Antony and Cleopatra

The play influenced both Barnabe Barnes’s play The Devil’s Charter, performed by the King’s Men in February 1607, and Samuel Daniel’s revision of his own 1594 play about Cleopatra, which was reprinted in 1607. Scholars argue that its style dates it to 1606.

Though Edward Blount registered the play at the Stationers’ Company on 20th May 1608, it wasn’t printed before appearing in the First Folio in 1623. It was probably typeset from Shakespeare’s draft manuscripts, or a transcript of them, with minor corrections from Heminge and Condell.


Anthony & Cleopatra

‘Noblest of men, woo’t die?
Hast thou no care of me?
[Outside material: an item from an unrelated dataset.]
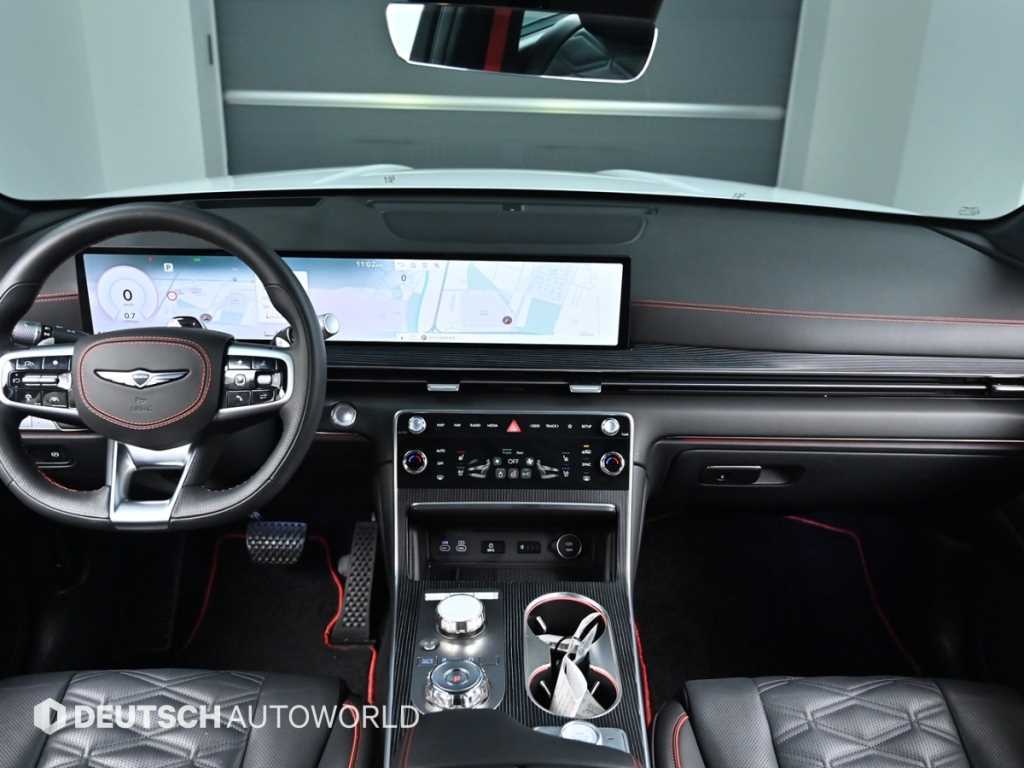 Genesis GV80 — photo 07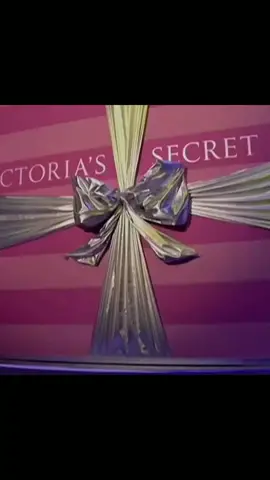 THE VICTORIA’S SECRET FASHION SHOW#victoriassecret #2000s #SuperModel #CapCut #tiktok #viral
Shall I abide
In this dull world, which in thy absence is
No better than a sty?’

Antony and Cleopatra, IV xv

Brief synopsis of the play

The great Mark Antony, joint leader of the Roman Empire, becomes intoxicated by love for the alluring Cleopatra, Queen of Egypt, and when divisions emerge in the leadership, he betrays his Roman honour, deserts his wife and makes war on Octavius Caesar. The irrational and transcendent force of love conflicts with the deeply-held values by which both Antony and Cleopartra conduct their public lives, in this magnificent and poetic tragedy.